Food commodities’ price spiral

Food commodities’ price spiral

Despite the supply augmenting measures through imports and promulgation of Anti-hoarding and Anti-profiteering Ordinance, the prices of wheat flour, sugar and other food commodities of daily consumption have abnormally gone up, showing no trend of coming down to the demand-supply equilibrium. The flawed decision of import of wheat and sugar through private sector, including some cartels’ stake holders mentioned in Inquiry Commission Report, is one of the reasons of unstable price situation.

Chairing a meeting to review availability and prices of wheat and sugar, Prime Minister Imran Khan directed to keep him regularly apprised of the import process of wheat. He was told that 400,000 metric tonnes of wheat has so far been imported by the private sector and additional import shipments of one million tonnes will reach next month. The Prime Minister was informed that sugar import also continues.

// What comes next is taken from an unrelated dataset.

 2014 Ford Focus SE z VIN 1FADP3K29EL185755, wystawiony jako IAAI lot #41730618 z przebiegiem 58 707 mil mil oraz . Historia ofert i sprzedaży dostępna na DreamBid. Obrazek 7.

The law of demand and supply tell that with increase in supply the price level falls. But at present in Pakistan the opposite is happening. After the acute wheat and sugar shortages few months ago, ECC decided to allow private sector to import unlimited quantities of wheat and sugar by doing away with the condition advance payment of income tax and lowered the import duty. At that time an advice was given to the decision makers in the comments of these columns to put in place a mechanism of keeping away the cartels’ stake holders from the import business if government really wants to stabalise the prices of wheat sugar at reasonably low level. However, it was later reported in a leading English daily newspaper that in one of the cabinet meeting some members had questioned the rational of exemption given to certain importers of wheat, who have been found involved in hoarding of the commodity, which led to its shortage and snowballing of price rise. The findings of Inquiry Commission report against the sugar and flour millers have exposed their monopoly, hoarding and Cartelisation tactics to raise prices.

The prevailing retail price of Rs.1400 per 20 kilogram of wheat flour and sale of sugar at Rs.110 per kilogram points to the bitter fact that imported quantities of these food commodities have ended up in the hands of cartels. The phenomenon of unbridled price spiral has to be summed up in the famous sayings of founder of “Classical School of Economic Thought,” Dr. Adam Smith. “If wishes were horses, beggars might have riding on them all the time.” Hopefully, strong administrative and legal actions shall be taken as mere review meetings will not achieve stability in the prices of essential food commodities.